Edinburgh, Scotland - The Edinburgh Fringe, the world's largest and most irreverent arts festival, celebrated its 60th birthday on Sunday with religion the big theme being tackled this year by playwrights and comedians.
Fringe performers revel in controversy and 2006 should be no exception with "We Don't Know Shi'ite" about British ignorance of Islam and "Jesus: The Guantanamo Years."
"It is the most amazing barometer of world politics," said The Scotsman newspaper's theater critic Joyce McMillan, reflecting on the Fringe which last year tackled the subject of terrorism head on after the London suicide bombings.
Fringe director Paul Gudgin, overseeing 17,000 performers at the three-week festival of anarchy, said "I find it endlessly fascinating how a thread like this emerges.
"It's either about what is happening with radical Islam or reflects interest and concern over the influence Evangelical Christians seem to be having in the United States," he told Reuters.
He also cited what he called "The Da Vinci Syndrome," referring to the film based on Dan Brown's thriller "The Da Vinci Code," that was condemned by some Christians for arguing Jesus married Mary Magdalene and they had children.
"All of a sudden, these topics are of huge interest. What has surprised me is the breadth of shows on offer."
The Fringe, rumbustious offshoot of the official high arts Edinburgh Festival of classical ballet, music and theater, also delights in quirky venues.
This year "Hamlet" is being performed in a bouncy castle, another show offers theatergoers free haircuts on stage and a third is being performed on a double-decker bus.

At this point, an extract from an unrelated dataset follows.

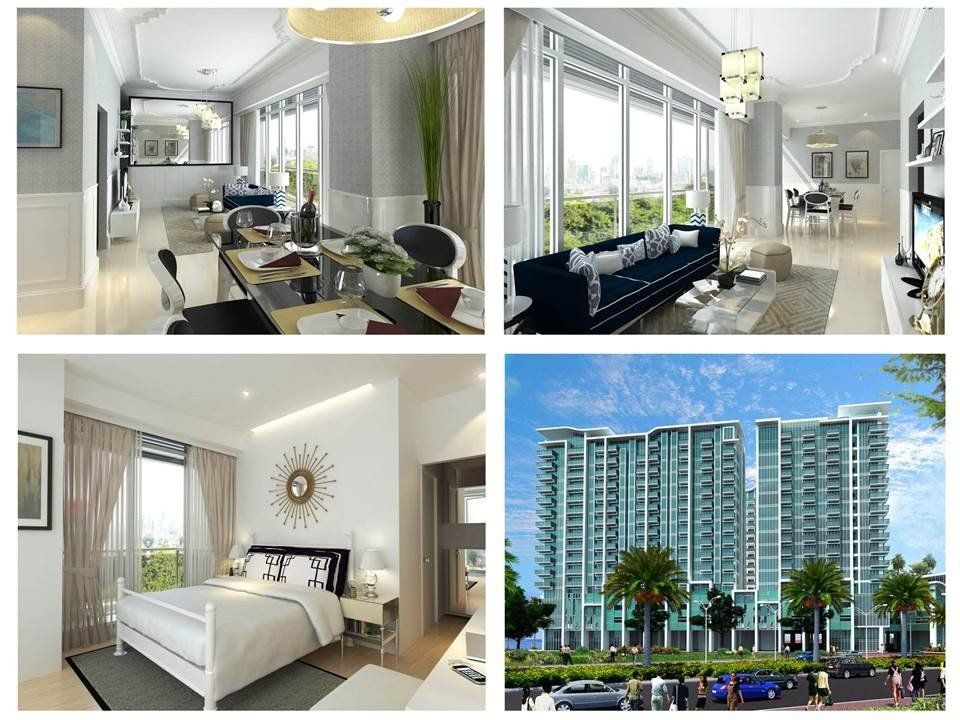Bayshore3_zpsj77vkdlm.jpg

At a festival that mixes the astounding with the appalling, Fringe director Gudgin urges audiences to be selective, warning that it would take five years, 11 months and 16 days to see all the shows back-to-back.

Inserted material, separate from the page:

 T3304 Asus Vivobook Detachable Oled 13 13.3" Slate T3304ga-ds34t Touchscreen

But he refutes critics who say the Fringe is in danger of bursting at the seams.
"We all become more and more bewildered about what to see -- but what a fantastic problem to have," he said.

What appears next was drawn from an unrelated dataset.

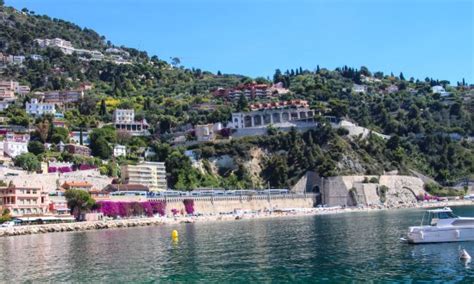 Welcome Hotel Updated 2017 Prices And Reviews Villefranche Sur Mer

Gudgin said the Fringe has sold about 20 million tickets over the past six decades "and we hope this year to top the million mark again which we have done for the last three years."
Wading through the Fringe program is a stamina test in itself, but picking the quirkiest title of the year can be fun.
Leading contenders are "Afternoon Tea with a Transvestite" and "Sit: The History of the Chair" but it is difficult to top "How To Explain The History of Communism To Mental Patients."